No one at the time knew why. The going theory at the time was that in order to get the benefits, your inventory needed to be 97% or higher in accuracy. No ones inventory is that accurate. Then you were not trained correctly on how to use the software. So, vendors started selling training. An industry of certified implementers was developed. Still, many businesses were not seeing the benefits. It became so bad, that the cost of the implementation wiped out any savings. If there were any.
Since then, we have moved on to MRP2 (Which is where I started my career in the mid to late 90’s) and now ERP systems.
So, why did the early pioneers succeed where the later adopters didn’t.
Eliyahu has a theory, which he admits, he didn’t think of at the time all this was happening.
What is the most important part of the data? Its the orders. The new recipients of MRP software forgot about this. What they did was run their MRP system overnight – once a month. So the customer orders were still fulfilled a month or 2 later. It was if the limitation of the calculation time was still there. The procedures and processes were not changed. So no net benefit. That is not to say that there wasn’t benefit, they no longer had 20 people taking a month to do the calculations, it could now be done overnight. But this benefit does not lead to the magical profits the early adopters were getting. So why did the early adopters get the benefits? These were the more forward thinking companies. They ran their systems more frequently. Fortnightly, weekly or every few days. They were able to get their orders in sooner. Get their products made sooner and get the end result into the customers hands sooner.
Eliyahu has come up with 4 questions to ask when looking into new technology.
- What is the power of the technology?
This is an easy question to answer. Just speak to the Vendors. They will talk all day about the power.
- What technology does this technology diminish for us?
This gets harder. Trying to identify what limitation is diminished. Remember that some are seen and obvious, some, not so obvious. You need to identify precisely what is affected.
- What rules, policies, procedures, measurements etc helped us accommodate the limitation?
It gets harder and harder.
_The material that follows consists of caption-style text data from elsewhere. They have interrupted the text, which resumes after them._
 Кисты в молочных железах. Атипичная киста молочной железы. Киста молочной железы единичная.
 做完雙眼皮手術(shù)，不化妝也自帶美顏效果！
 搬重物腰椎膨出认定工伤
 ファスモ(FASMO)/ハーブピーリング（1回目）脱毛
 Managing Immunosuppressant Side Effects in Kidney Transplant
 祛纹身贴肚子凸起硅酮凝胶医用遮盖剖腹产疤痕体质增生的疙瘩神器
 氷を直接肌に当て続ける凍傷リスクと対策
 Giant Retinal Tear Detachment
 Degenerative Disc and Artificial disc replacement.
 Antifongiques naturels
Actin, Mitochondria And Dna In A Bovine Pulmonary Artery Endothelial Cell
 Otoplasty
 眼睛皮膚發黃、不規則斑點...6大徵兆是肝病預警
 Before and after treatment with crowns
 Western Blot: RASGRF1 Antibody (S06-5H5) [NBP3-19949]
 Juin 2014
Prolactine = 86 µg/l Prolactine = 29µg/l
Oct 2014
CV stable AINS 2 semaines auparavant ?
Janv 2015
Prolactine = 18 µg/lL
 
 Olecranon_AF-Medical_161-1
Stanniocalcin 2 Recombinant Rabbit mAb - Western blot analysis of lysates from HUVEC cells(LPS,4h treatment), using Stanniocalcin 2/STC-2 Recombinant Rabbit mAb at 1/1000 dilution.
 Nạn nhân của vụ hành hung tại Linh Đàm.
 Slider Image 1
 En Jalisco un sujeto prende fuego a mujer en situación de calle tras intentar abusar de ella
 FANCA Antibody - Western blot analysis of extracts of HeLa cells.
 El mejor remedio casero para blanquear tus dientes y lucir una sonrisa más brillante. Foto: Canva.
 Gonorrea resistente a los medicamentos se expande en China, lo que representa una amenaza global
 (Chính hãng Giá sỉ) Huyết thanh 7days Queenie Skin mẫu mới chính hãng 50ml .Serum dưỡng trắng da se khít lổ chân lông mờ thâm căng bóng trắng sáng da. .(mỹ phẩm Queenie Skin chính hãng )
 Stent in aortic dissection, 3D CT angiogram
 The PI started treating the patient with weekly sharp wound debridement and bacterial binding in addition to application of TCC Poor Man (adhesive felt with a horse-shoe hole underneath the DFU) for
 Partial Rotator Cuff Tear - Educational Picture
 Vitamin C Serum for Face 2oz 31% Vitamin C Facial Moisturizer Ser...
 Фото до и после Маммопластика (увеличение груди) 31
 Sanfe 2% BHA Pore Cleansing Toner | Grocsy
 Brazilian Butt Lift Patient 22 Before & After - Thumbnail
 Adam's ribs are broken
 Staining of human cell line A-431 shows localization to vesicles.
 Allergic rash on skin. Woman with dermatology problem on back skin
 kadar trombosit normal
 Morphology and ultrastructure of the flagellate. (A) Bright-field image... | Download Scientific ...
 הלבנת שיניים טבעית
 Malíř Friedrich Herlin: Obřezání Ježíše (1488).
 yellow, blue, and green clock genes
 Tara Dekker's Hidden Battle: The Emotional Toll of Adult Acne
Here you have to identify what you do to accommodate the limitation.If you do not identify the rules, procedures, processes etc you run the risk of leaving them in place. Then you will find yourself still in the same position.
In MRP’s case above, it was processing orders monthly.
- Finally, What rules, policies, procedures measurements etc should we be doing now?
Now that the limitation has been removed, how far can we go before we hit the next limitation?
So, how does this affect Agile. Well, I see Agile as another technology. It may not be a new piece of software, but it is a new way of doing things. If you are not careful and identify what needs to be changed from a traditional Waterfall implementation. If you just focus on the superficial such as stand-ups and Kanban boards, and not focus on the planning, or retrospectives (At least in Scrum’s case) where you try to continuously improve, then you are still working under the limitation or Waterfall. Yes, there are some benefits. Just like the late adopters of MRP software saved some money by not having 20 people doing the calculations (It really sucked for those 20 people being laid off) but the massive benefits were not realized.